Combined with the previous day (-7.24%), this marks the largest two-day crash since 2008.
The details
Trigger: The coordinated U.S.–Israeli airstrikes on Iran over the weekend. Oil prices surged, putting particular pressure on South Korea, the world’s eighth-largest crude oil consumer.
Circuit breakers were triggered on both markets simultaneously, halting trading for 20 minutes.
Samsung Electronics: -11.74%
SK Hynix: -9.58%
Hyundai Motor: -15.8%
LG Energy Solution: -11.58%
Out of more than 800 KOSPI stocks, only 10 closed higher — almost all of them energy companies.

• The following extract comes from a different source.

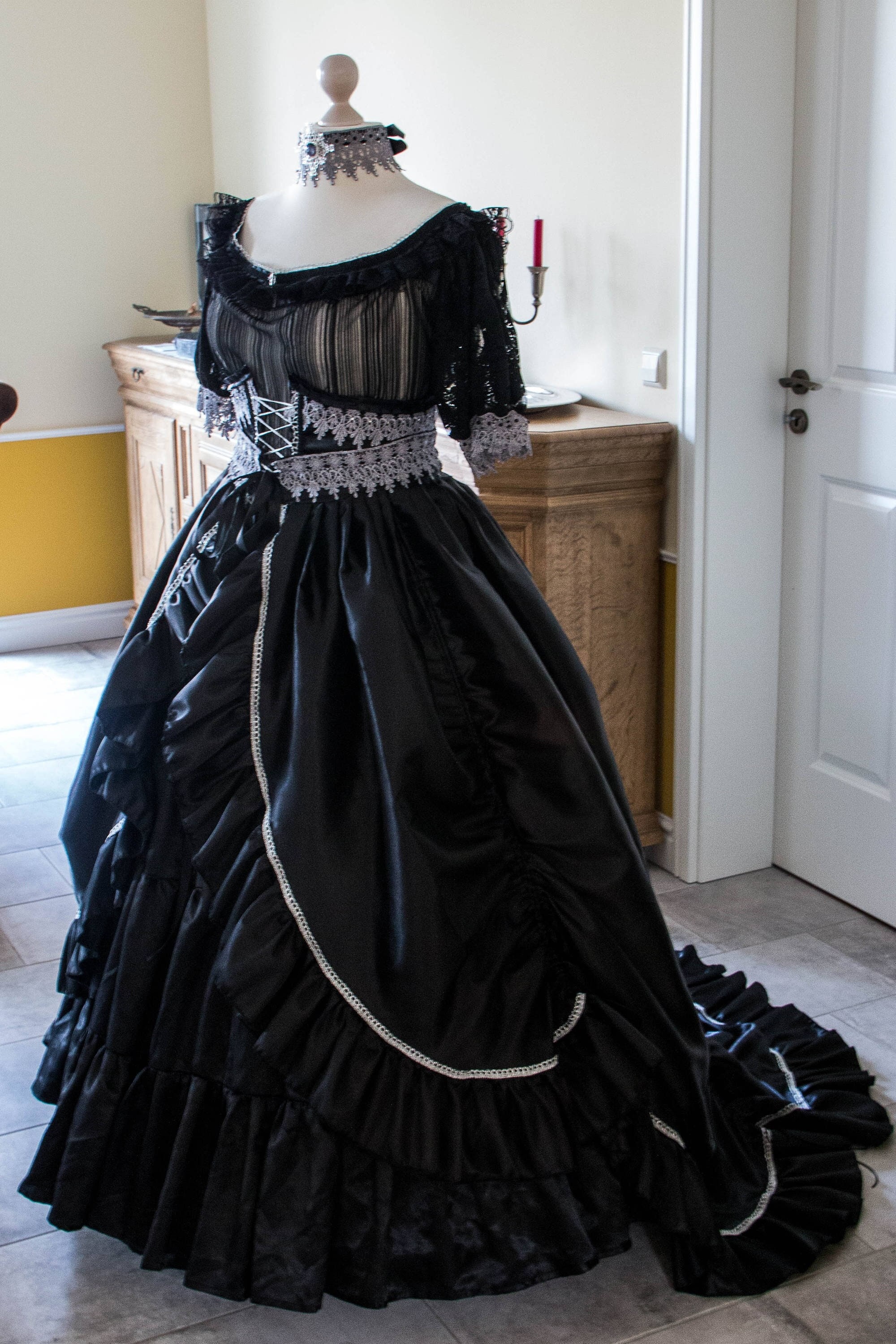 white christmas dresses NumberSea-A-Line Evening Gown Black Dress Plus Size Formal Masquerade Court Train Long Sleeve V Neck Wednesday Addams Family Chiffon with Buttons Slit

The won briefly broke past 1,500 per dollar, a level last seen in March 2009 during the global financial crisis.
Institutional investors sold a net 588.8 billion won. Retail and foreign investors stepped in to buy but were unable to absorb the sell-off.
Context
The KOSPI had already surged nearly 50% this year, driven by AI optimism, a global chip shortage, and corporate governance reforms.
Retail investors piled in using leverage, pushing margin debt to record highs. In some cases investors used only 30–40% of their own capital, borrowing the rest.
Now those same positions are being forcibly liquidated. What accelerated the rally is now amplifying the downside just as quickly.
The 12.06% daily drop even exceeds the September 12, 2001 decline (-12.02%), when markets crashed following the terrorist attacks.
Despite the crash, the KOSPI remains up 21% year-to-date. Meanwhile, the government has activated a 100-trillion-won market stabilization program.